24. O batismo da Polônia, no ano de 966, na pessoa do primeiro soberano histórico Mieszko, que casou com a princesa Dubravka da Boêmia, verificou-se principalmente graças à mediação da Igreja de Boêmia; e foi por esta via que o cristianismo chegou de Roma à Polônia sob a forma latina. Permanece, contudo, o fato de os primórdios do cristianismo na Polônia estarem ligados, de algum modo, à obra dos irmãos que partiram da Longínqua Salônica.
Entre os eslavos da península balcânica, o zelo dos dois santos irmãos frutificou de modo ainda mais visível. Graças ao seu apostolado, o cristianismo, que havia muito tempo fora implantado na Croácia, aí se consolidou.
A missão empreendida por Cirilo e Metódio ganhou consistência e desenvolveu-se também de modo admirável na Bulgária, principalmente por obra dos seus discípulos, expulsos do primeiro campo de ação.'Nessa região, graças ao empenho de são Clemente de Ocrida, surgiram dinâmicos centros de vida monástica, onde o uso do alfabeto cirílico teve particular desenvolvimento. Também daí o cristianismo se difundiu para outros territórios, até alcançar, através da vizinha Romênia, a antiga Rússia de Kiev e estender-se, em seguida, de Moscou para o Oriente. Dentro de poucos anos, exatamente em 1988, ocorrerá o milênio do batismo de São Vladimiro, o Grande, Príncipe de Kiev.
25. Por esses motivos, pois, os santos Cirilo e Metódio bem cedo foram reconhecidos pela família dos povos eslavos como pais do seu cristianismo, bem como da sua cultura. Em muitos dos territórios já mencionados, embora lá tivessem estado já diversos missionários, a maior parte da população eslava, ainda no século IX, continuava a ter costumes e crenças pagãs. Somente num terreno já cultivado pelos nossos santos, ou pelo menos por eles preparado para ser cultivado, é que o cristianismo entrou de modo definitivo na história dos eslavos, no decorrer do século seguinte.
A sua obra constitui uma contribuição valiosa para a formação das raízes cristãs comuns da Europa, raízes estas que, pela sua solidez e pela sua vitalidade, constituem um dos pontos de referência mais seguros de que não pode prescindir qualquer esforço sério no sentido de recompor, de modo novo e atual, a unidade do continente.
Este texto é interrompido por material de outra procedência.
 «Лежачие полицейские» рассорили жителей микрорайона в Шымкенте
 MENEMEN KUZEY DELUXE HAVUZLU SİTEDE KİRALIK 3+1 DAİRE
Depois de onze séculos de cristianismo entre os eslavos, nós vemos claramente que a herança dos dois irmãos de Salônica é e permanece para eles mais profunda e mais forte do que qualquer divisão. Ambas as tradições cristãs — a oriental, que deriva de Constantinopla, e a ocidental, que deriva de Roma — nasceram no seio da única Igreja, ainda que sobre o tecido de culturas diferentes e de modos diversos de enfrentar os mesmos problemas. Esta diversidade, se bem compreendida a sua origem e se bem considerados o seu valor e a sua significação, não pode senão enriquecer quer a cultura da Europa, quer a sua tradição religiosa; e torna-se, além disso, uma base adequada para a sua desejada renovação espiritual.
26. Desde o século IX, quando na Europa cristã se delineava uma nova ordenação concertada, os santos Cirilo e Metódio propuseram-nos uma mensagem que se demonstra ainda muito atual para a nossa época, quando, exatamente por motivo dos numerosos e complexos problemas de ordem religiosa e cultural, social e internacional, se busca uma unidade vital na comunhão real das várias componentes. Pode-se dizer dos dois evangelizadores que foi característico o seu amor à comunhão da Igreja universal tanto no Oriente como no Ocidente; e, na Igreja universal, à Igreja particular, que estava nascendo nas nações eslavas. Deles provém ainda o apelo para os cristãos e para os homens do nosso tempo a construir juntos a comunhão.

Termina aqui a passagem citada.